Paradise Killer is the "not like other girls" of games but in, like, the cool trans girl way, not the internalized-misogyny way? I can truly say I have never played a game like it and I don't know why any of it works. Why is every single character name so cool? (Lady Love Dies! Lydia Day Break!! Carmelina Silence!!!) Why does Doctor Doom Jazz live on a yacht? Why is the soundtrack such a banger, with the most satisfying end credits music I have ever heard in my life? Why does a Phoenix Wright investigation-slash-courtroom sim have fun 3D platforming and exploration in it? I don't even know why cruising around this brutalist vaporwave death cult island is so enjoyable, the collectables are mostly pointless, but there are just so MANY of them (an absolutely bonkers profusion) that no matter where you go, you always feel like you are uncovering something.

That the gameplay works is something of a miracle, but then there's the fact that the story is good. Don't ask me how the developers pulled this off. Writing a good mystery is hard enough, but setting your mystery on a transdimensional island ruled by a cult of immortals dedicated to resurrecting Lovecraftian horrors with names like "Silent Goat" through human sacrifice...presents, uh, another set of challenges, I imagine. In most games, a world this wild would be the mystery, and the whole game would be a boring lore hunt. There is lore in Paradise Killer, but none of it really matters, and once you acclimate to the general weirdness of everything (which is admittedly a pretty steep hurdle at first), the mystery itself is surprisingly easy to follow, although there are lots of layers to it, and even some intriguing ethical dimensions, which are not deeply explored but make the story more thought-provoking than you might expect from a game that initially seems to not be about anything more than its own bizarre dedication to an aesthetic.
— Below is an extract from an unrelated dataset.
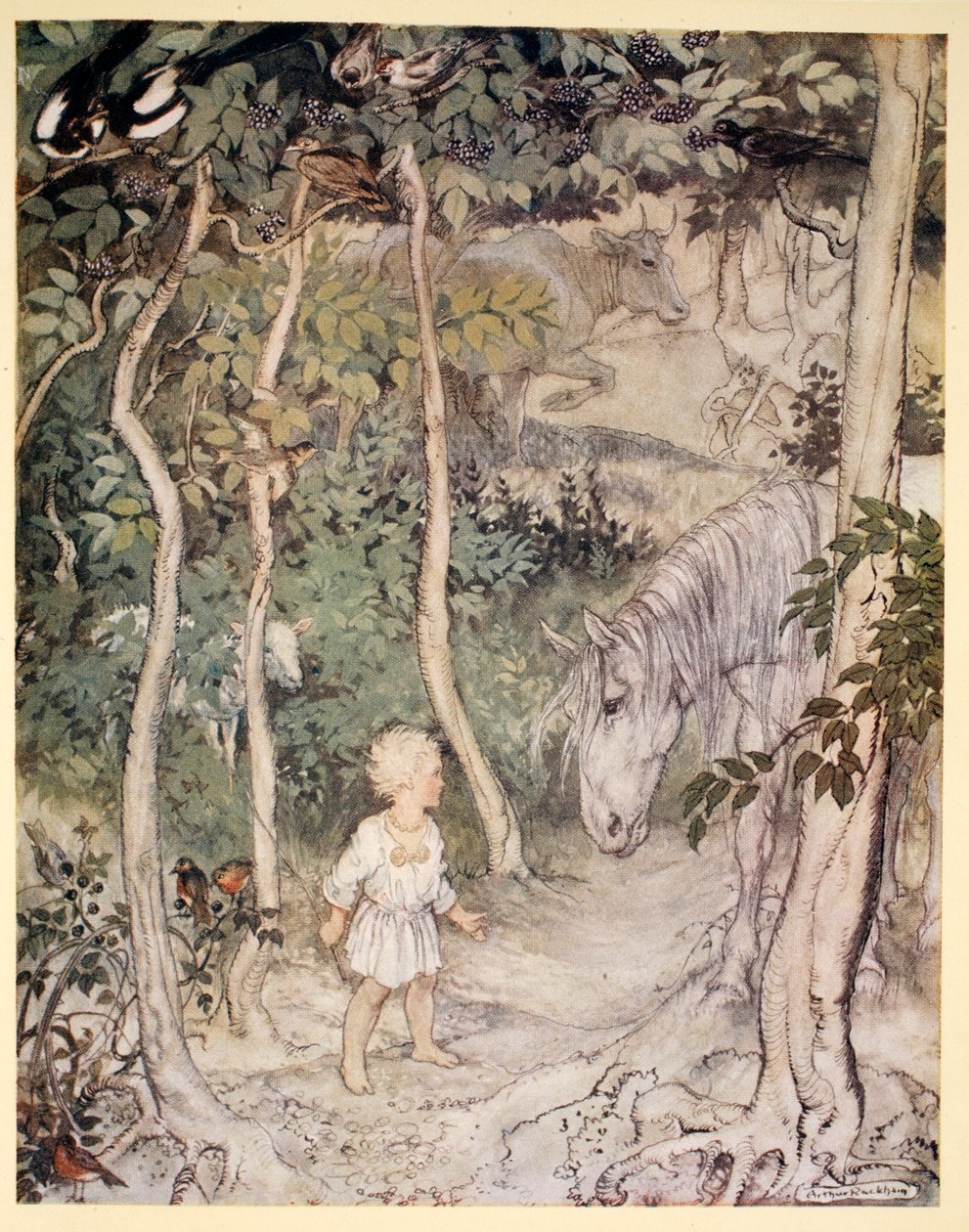 Hän saattaa ajatella, kuten tuijottavan hevosen tuijottaja: "Poika ei voi heiluttaa häntäänsä pitääkseen kärpäset loitolla", kuvitus James Stephensin teoksesta "Irish Fairy Tales", 1920. tekijältä Arthur Rackham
I am convinced Paradise Killer must have been made under the auspice of some capricious but temporarily benevolent alien deity, because a game this audacious at every level should not work. I kept waiting for some overreach or misstep to bring the whole thing tumbling down—the quirk that broke the camel's back—but it never came. Playing this game is like watching Icarus gleefully flip off the sun and fly acrobatic circles around it because it turns out actually he's a psychic vampire possessed by a demon trapeze artist or something. It is miraculous and delightful and kind of freaks me out and I'm glad there's only one of them.